Step by step solution

01

Understanding Angular Speed

The washing machine spins at two speeds, 423 revolutions per minute (rpm) and 640 rpm. We need to find the ratios of various forces and speeds using these given speeds.
02

Find the Angular Speeds in Radians per Second

Convert the angular speeds from revolutions per minute to radians per second. Use the conversion factor: 1 revolution = \(2\pi\) radians and 1 minute = 60 seconds. For 423 rpm: \(\text{Angular Speed 1} = \frac{423 \times 2\pi}{60} = 44.34 \, \text{rad/s} \)For 640 rpm: \(\text{Angular Speed 2} = \frac{640 \times 2\pi}{60} = 67.02 \, \text{rad/s} \)
03

Calculate Radial Force Ratio

The radial force for an object moving in a circle is given by \(F_r = m \cdot \omega^2 \cdot r\), where \(m\) is the mass, \(\omega\) is angular speed, and \(r\) is the radius.Since mass and radius are constant, the ratio of the radial forces is:\( \text{Force Ratio} = \left(\frac{\omega_2}{\omega_1}\right)^2 = \left(\frac{67.02}{44.34}\right)^2 \approx 2.28 \)
04

Calculate Tangential Speed Ratio

Tangential speed \(v\) is given by \(v = \omega \cdot r\).
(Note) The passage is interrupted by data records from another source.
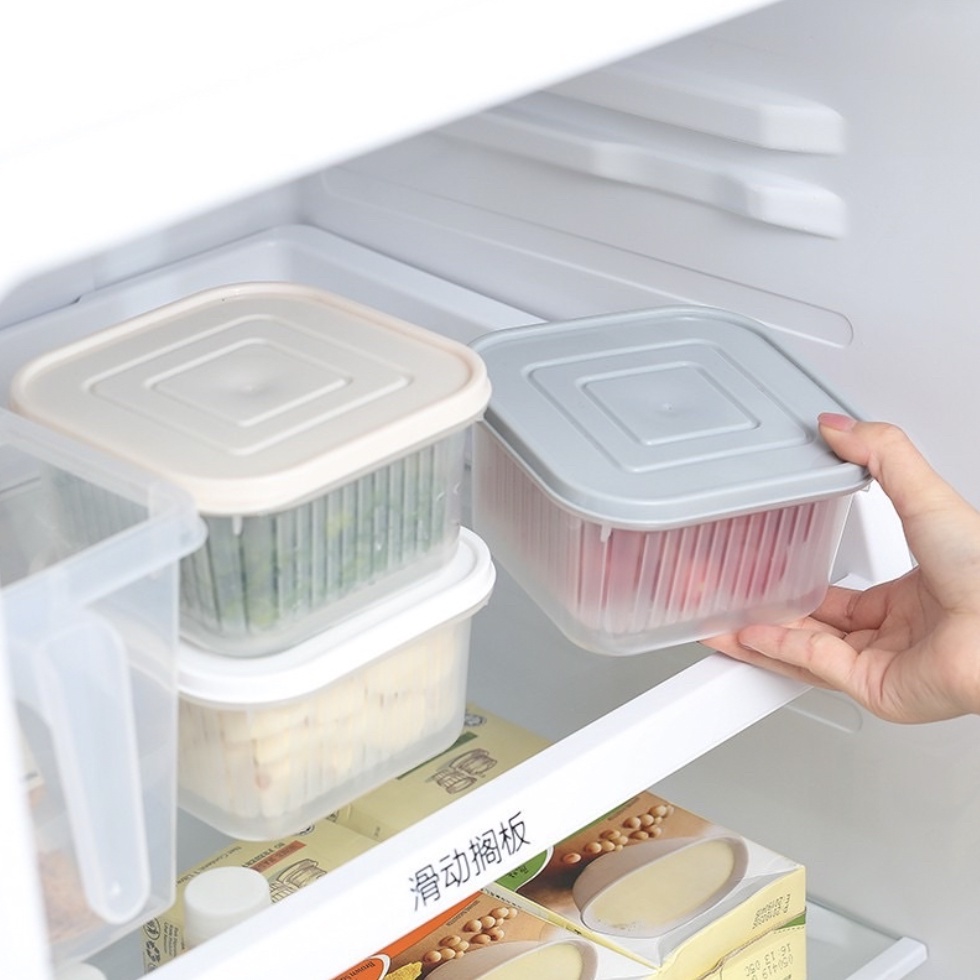 {CLASHOP}Tempat Bawang Wadah Penyimpanan Serbaguna Bentuk Persegi/Toples Tiris Bawang Sayur Bulat Transparan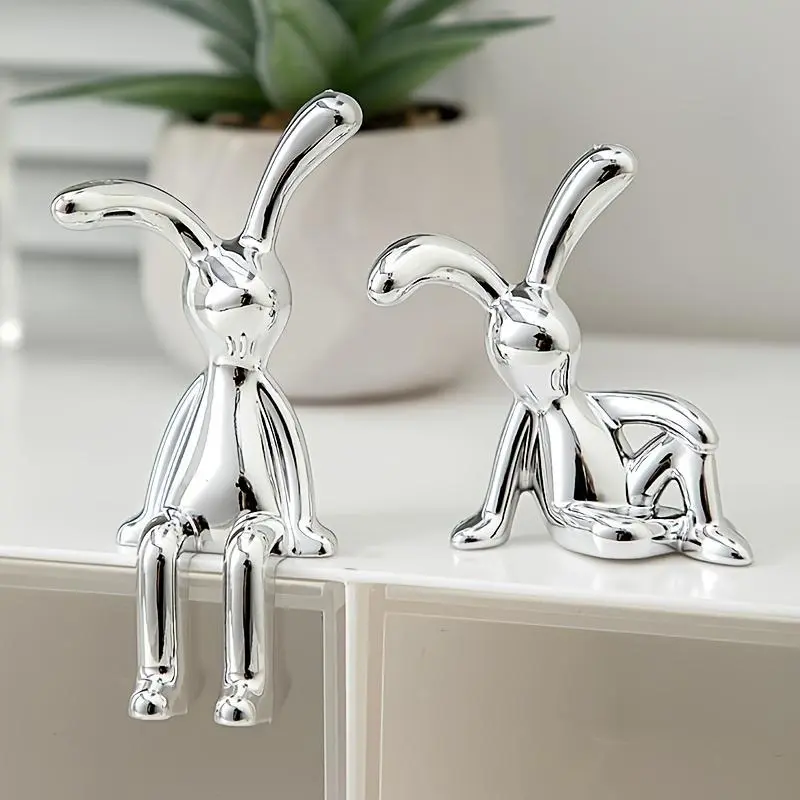 Creative Rabbit Design Ornament, Home Decor Ornament, 2 Counts/set Nordic Style Rabbit Statue Desktop Decoration, Creative Desktop Craft, Gift for Friend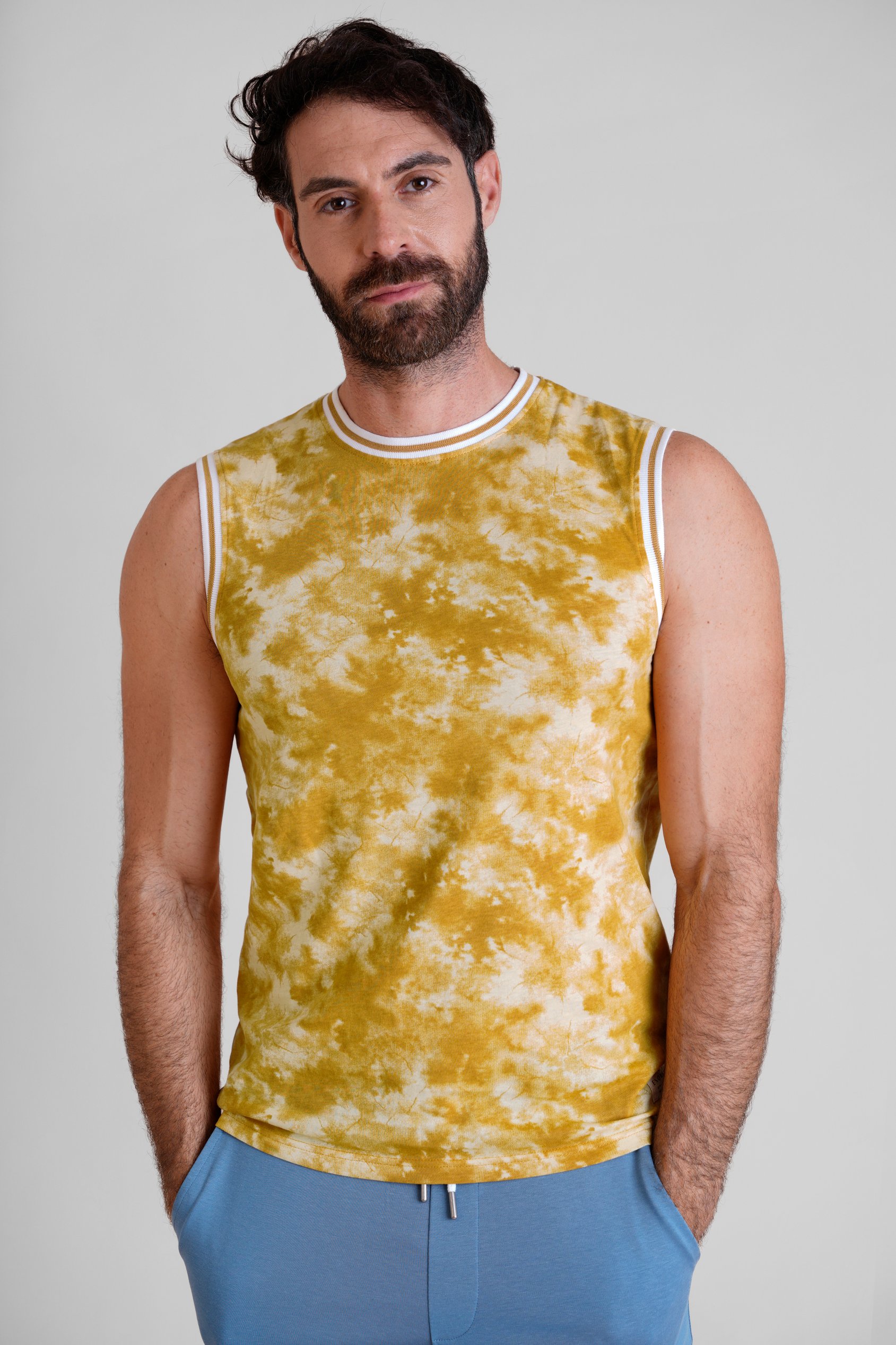 Tie-Dye Printed Cotton Vest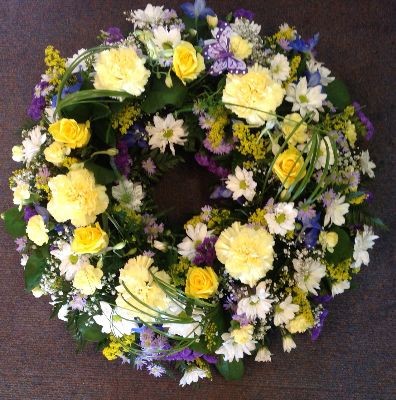 Blue Lemon and White Wreath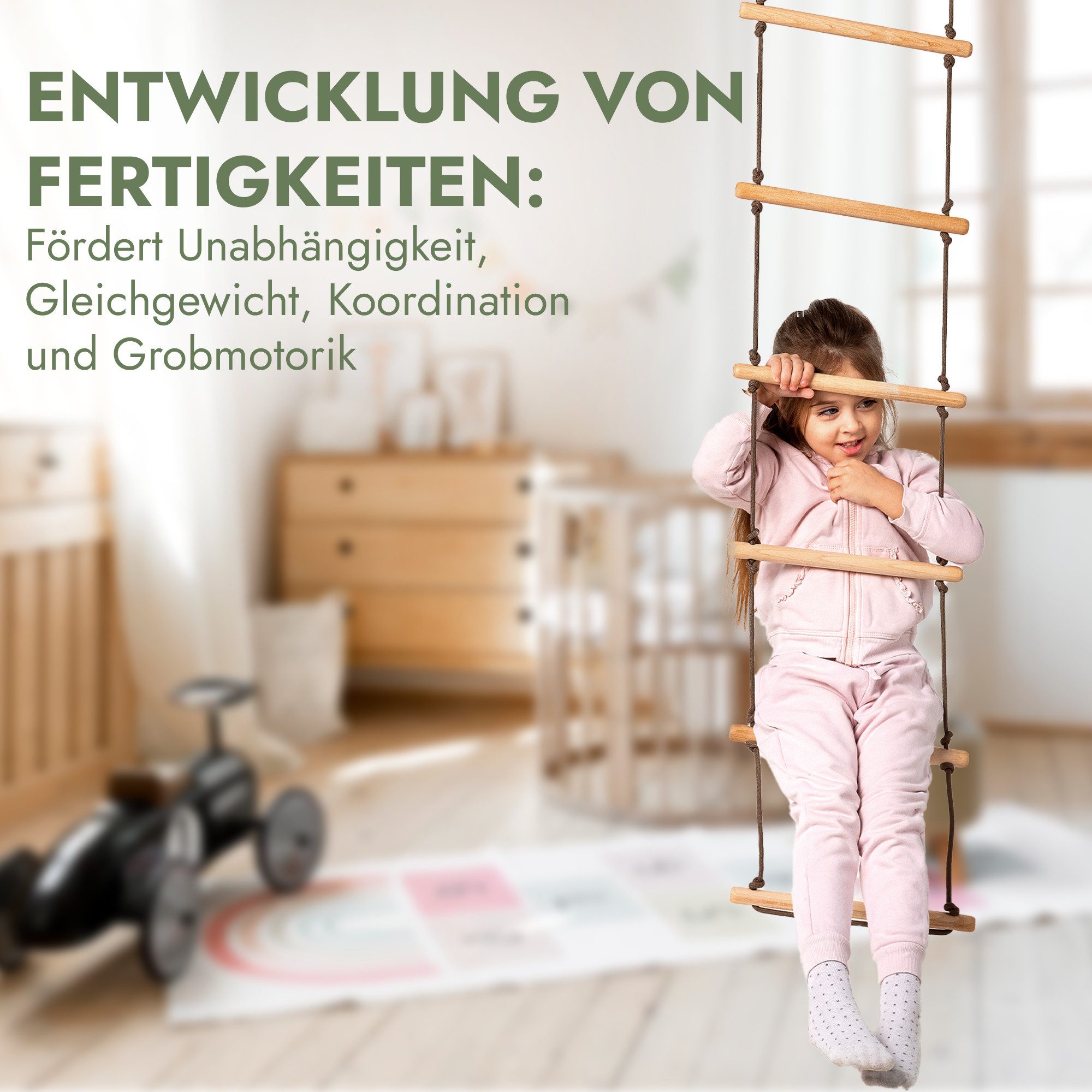 Goodevas Klettergerüst Multifunktionale Schwedenwand & Klettergerüst für Kinder, (3-St) – Bild 5 von 5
So the ratio of tangential speeds is:\( \text{Tangential Speed Ratio} = \frac{\omega_2}{\omega_1} = \frac{67.02}{44.34} \approx 1.51 \)
05

Calculate Maximum Tangential Speed

Using \(r = \frac{0.470}{2} = 0.235\) m (since the radius is half the diameter), For the higher speed:\(\text{Max Tangential Speed} = \omega_2 \cdot r = 67.02 \cdot 0.235 = 15.74 \, \text{m/s} \)
06

Calculate Maximum Radial Acceleration

Radial acceleration \(a_r\) is given by \(a_r = \omega^2 \cdot r\).For the higher speed:\(a_r = 67.02^2 \cdot 0.235 = 1055.37 \, \text{m/s}^2\)Express in terms of \(g\), where \(g\) is the acceleration due to gravity (\(9.81 \, \text{m/s}^2\)):\(a_r \approx \frac{1055.37}{9.81} \approx 107.58 \, g\)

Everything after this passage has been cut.